Diagrams in procedural instructions

Complex information can often be explained better by presenting it in diagrams, flow charts and tables. By using these presentation modes, the information is split up in smaller chunks that are put in separate boxes or cells. The connections between the chunks are shown by their lay-out, connecting lines and arrows.

The advantage of using flow charts is clearly demonstrated in a study of public information, which I did with Carel Jansen. In an experiment, we presented information on a Dutch regulation on Rent Rebate in four different brochures: two in ‘normal’ prose, one in highly structures prose, and one containing a series of flow charts. When participants were asked to use one of these brochures to verify whether in a particular case someone was entitles to Rent Rebate, and if so, which sum he could expect, it turned out that those participants who used the flow chart brochure, outperformed the others.

A study with Angelique Boekelder showed also that flow charts lead to better performance. In this case, participants had to operate a technical device. However, tables turned out to be less effective than flow charts in this study.

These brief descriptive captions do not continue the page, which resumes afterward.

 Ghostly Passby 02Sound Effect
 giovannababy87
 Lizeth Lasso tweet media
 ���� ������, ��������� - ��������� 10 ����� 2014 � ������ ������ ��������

Publications about this subject in English 

  • Jansen, C. & Steehouder, M. (1984). Improving the text of a public leaflet. Information Design Journal 4, 10-18.
  • Boekelder, A. & Steehouder, M. (1998). Switching from instructions to equipment: the effect of graphic design. In Zwaga, H.J., Boersema, T. & Hoonhout, H.C.M. (eds) Visual information for everyday use (pp. 67-73). London: Taylor & Francis.
  • Boekelder, A. & Steehouder, M. (1998). Selecting and switching: some advantages of diagrams for presenting instructions. IEEE Transactions on professional communication 41, 229-241.